Let's see how the stock read-ahead logic works. The kernel performs this job by setting up two areas called "windows", each of which is related to a certain area inside the file. One is called the current window, the other is called read-ahead window. Whenever the kernel recognizes a sequential read access inside the current window, it will submit I/O request for pages that belong to read-ahead window. However, anytime the kernel detects that it is no longer doing sequential reads, the read-ahead will be cancelled. This is done to prevent too much bloated caching.

Adaptive read-ahead (ARA) is the new logic added to the Linux kernel. One major goal of ARA is to provide support for aggressive read-ahead. Besides sequential reads, it can also detect some forms of semi-sequential scanning, such as:

Parallel/interleaved sequential scans on one file descriptor
Sequential reads across file open/close lifetime
Mixed sequential/random accesses
Sparse/skimming sequential reads

To use ARA, you must download the appropriate patches from:

http://www.vanheusden.com/ara

and do manual patching [1]. Another alternative is to use the -mm patchset [2]. Use the matching kernel source version to avoid problems.

After taking a quick look on read-ahead basic, three questions arise:

1. How far should we read-ahead? If it is too far, the reader will need less than we have pre-fetched, and we will be wasting memory and bandwidth. If it's too little, we experience more latency and, in case of concurrent readers, more seeks.

2. When do we start read-ahead? Logically, it should start when recognized patterns are detected, such as sequential forward/backward reads. Thus, it is up the logic itself to interpret what kind of disk access the program currently does. Since there are many types, the logic should just try to catch certain common patterns.

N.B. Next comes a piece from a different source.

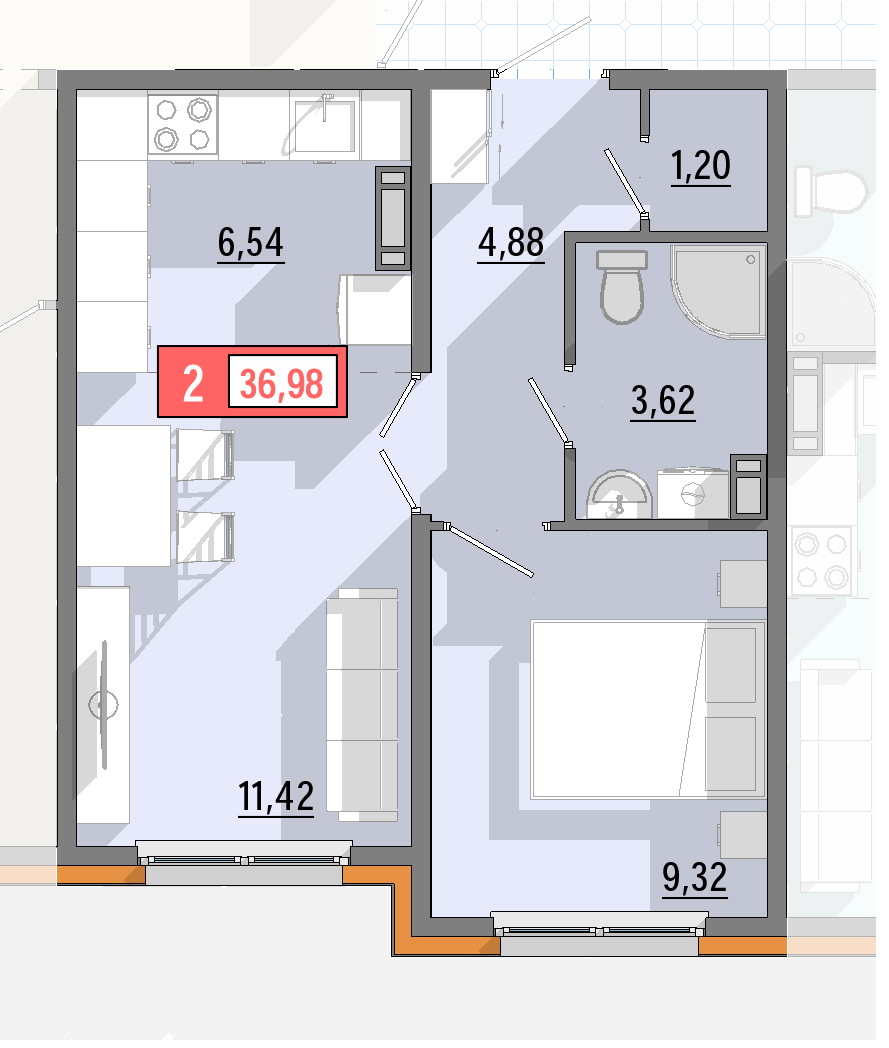 Купить двухкомнатную квартиру в Твери в город Ярославль, ЖК Адмирал ...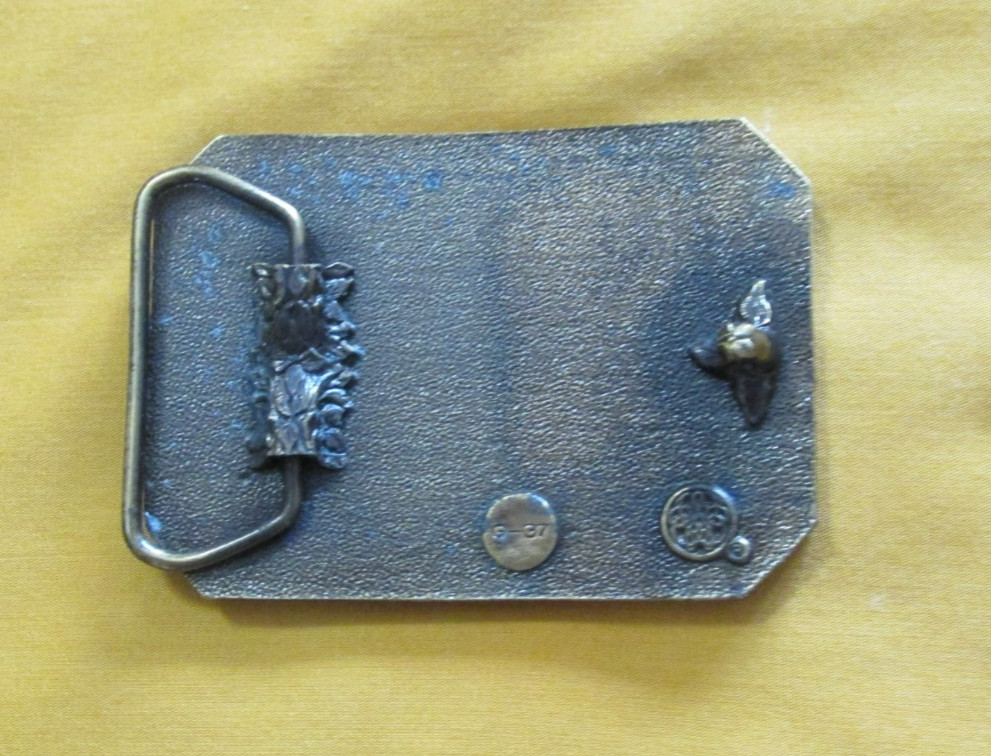 Standard Oil Solid Brass Belt Buckle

3. When do we stop the read-ahead? If we stop too soon, the kernel will lose the chance to speed up I/O. If we stop too late, it will waste precious time seeking and reading on disk (which is really a disadvantage, since again disk access is so slow compared to memory access).

There are two ways to start read-ahead. First, it is initiated by the kernel itself when the built-in heuristic says this disk read will be done sequentially. Second, the user instructs the kernel to do read-ahead, usually via certain system calls, such as posix_fadvise() on Linux kernel version 2.6.x.

Most often, read-ahead is triggered through the first method. This is normal because most applications leave the I/O management completely to the kernel. However, certain applications do interfere in I/O. An example is a database application, where the kernel is forced to predict what the user is trying to do, almost without explicit clues.

Fortunately, there are implicit clues. Generally, read-ahead logic will be started on two conditions: the file is freshly opened and read from first offset, and the first page accessed is the next page of the previously accessed page. Generally, these rules assume forward reading. ARA improves this logic by doing backward pre-fetching if the reader also does backward reading.

How many blocks we will read-ahead? This is trivial work. Conventional read-ahead works somewhat slowly. It normally starts with 8 pages (32 KB), then doubles until it reaches maximum 32 blocks (128 KB). Whenever the logic detects cache miss, but it believes that the page has been recently cached, the read-ahead size is subtracted by 2 blocks. Four blocks (16 KB) is, however, the minimum number of pages in a read-ahead window.

ARA improves this by starting at a larger number (128 KB). For special cases, when a file is freshly opened and read from offset 0, it tries more aggressively and quickly reaches 1MB data to be read-ahead.

If you want to see the current maximum disk read-ahead, use this command:

# blockdev --getra <device>

Or manually set it by:

# blockdev --setra <sectors> <device>

Fetching more blocks brings two advantages. First, speculatively, the kernel might anticipate some patterns of sparse reading. Second, assuming the file is not terribly fragmented, data can be read in one head seek. This is more efficient than doing move-read-move-read many times due to small requests.

As you might guess, the disadvantage is that RAM is filled up faster as pages cache and the number of readers increases. However, the effect is minimal if you have just one concurrent reader.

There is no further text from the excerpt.